Threats and Contaminants
Soil, groundwater and sediment at former MGPs are often contaminated. At the North Shore Avenue Station, soil cleanup was conducted in 1997 and 2001 under the Illinois EPA voluntary cleanup program. Soil contained residuals of polynuclear aromatic hydrocarbons (PAHs), volatile organic compounds (VOCs) and cyanide. Groundwater flow is towards the North Branch of the Chicago River. Chemicals detected in groundwater samples collected at the site include barium, cyanide, and PAHs (naphthalene and fluorene). Deeper groundwater conditions at the site have not been investigated.
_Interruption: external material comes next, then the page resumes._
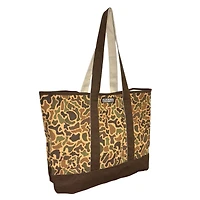 Old School Camo Canvas Tote Bag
Currently all properties are connected to municipal water service. Sediment samples collected farther downstream in the Chicago River system contain high levels of PAHs, PCBs, oil and grease, and metals.
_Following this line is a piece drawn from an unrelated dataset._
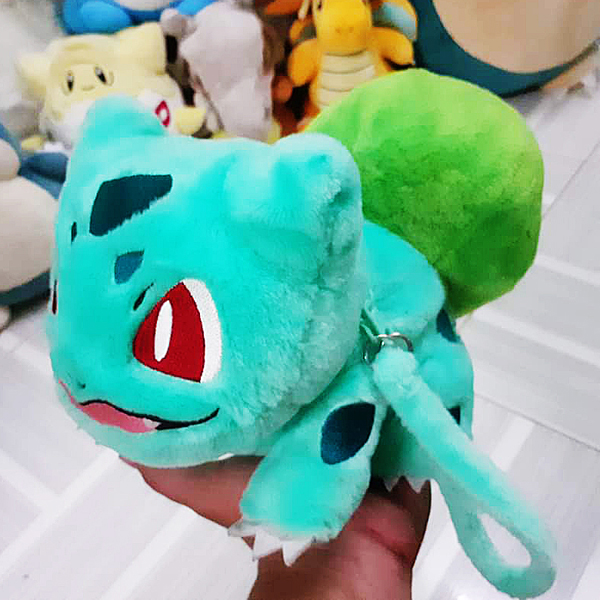 Gấu Bông Pokemon Bulbasaur - Ếch Kỳ Diệu Có Dây Kéo (30 Cm) Gb156 (Tặng 1 Đèn Led 8 Bóng Siêu Sáng Cắm Cổng Usb)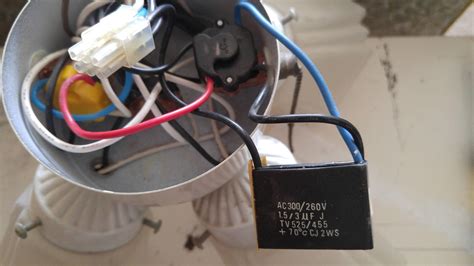 wiring   ceiling fan capacitor identification  replacement love improve life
In 2005 EPA was approached by Wisconsin Public Service Corp. (WPSC)with a request to investigate and clean up seven former MGP sites in the state of Wisconsin under the Agency's Superfund Alternative Sites (SAS) program. (The SAS Program addresses potential cleanup sites that might otherwise be eligible for listing on the National Priorities List (NPL), but which will instead be investigated and cleaned up by a cooperative potentially responsible party (PRP) without formally listing the site on the NPL.) When WPSC merged with Peoples Energy to form Integrys Energy Group in 2007, Peoples Energy approached EPA with the request to address thirteen former MGP sites in the state of Illinois under the same SAS program. Two former MGP sites are located in Waukegan and eleven are in Chicago. The North Shore Avenue Station site is one of the thirteen Illinois MGP sites.
In 2007 EPA and Integrys entered into an Administrative Order on Consent (AOC) to conduct a Remedial Investigation and Feasibility Study at the two Waukegan MGP sites and an AOC for Engineering Evaluations and Cost Analyses (EE/CAs) at the eleven Chicago MGP sites. Since all twenty MGP sites have similar conditions and contaminants, and Integrys the PRP for each, the AOCs allow a streamlined approach to site investigation and remedy development. Some benefits of the agreement include the use of multi-site documents, a mechanism to review the adequacy of past work, and scheduling flexibility to allow progress on the worst problems first. By the end of 2008, all of the multi-site documents had been approved, and site-specific work had begun on several of the sites. On October 31, 2008, EPA and Integrys entered into an AOC which converted the EE/CA AOC for the eleven Chicago former MGP sites to an RI/FS AOC.
To more effectively manage all 11 original Chicago sites, the RI/FS AOC organizes them into 4 sites: the North Shore Avenue Site, the North Branch Site, the South Branch Site. and the Crawford Site. Both the North Branch Site and the South Branch Site have several operable units. The North Branch Site is comprised of the Division Street Station Operable Unit (OU), the North Station OU, and the Willow Street/Hawthorned Avenue Station OU. One site is the the North Shore Avenue Station Site. The South Branch Site is comprised of the 22nd Street Station Upland OU, the Hough Place Station Upland OU, the Pitney Court Station Upland OU, the South Station Upland OU, the Throop Station Upland OU, and the South Branch River OU.
Investigations and Remediation Previously Performed
Soils in the northern portion of the site were removed to address chlorinated solvent impacts from releases on the adjoining property in 1997. Some of the solvent-impacted soils left in place had levels of contamination that exceed the Illinois residential standards, so land use in this portion of the site is restricted. Further site investigations led to the excavation of approximately 26,000 tons of soils impacted with lead and PAHs in 2001 and 2002. The tar-stained soils observed below the groundwater level in soil borings installed along the western border of the site were not removed during this remediation effort, which was completed under the Illinos EPA Site Remediation Program.
Additional investigation of the remaining contamination will take place under the RI/FS which began in the spring 2010.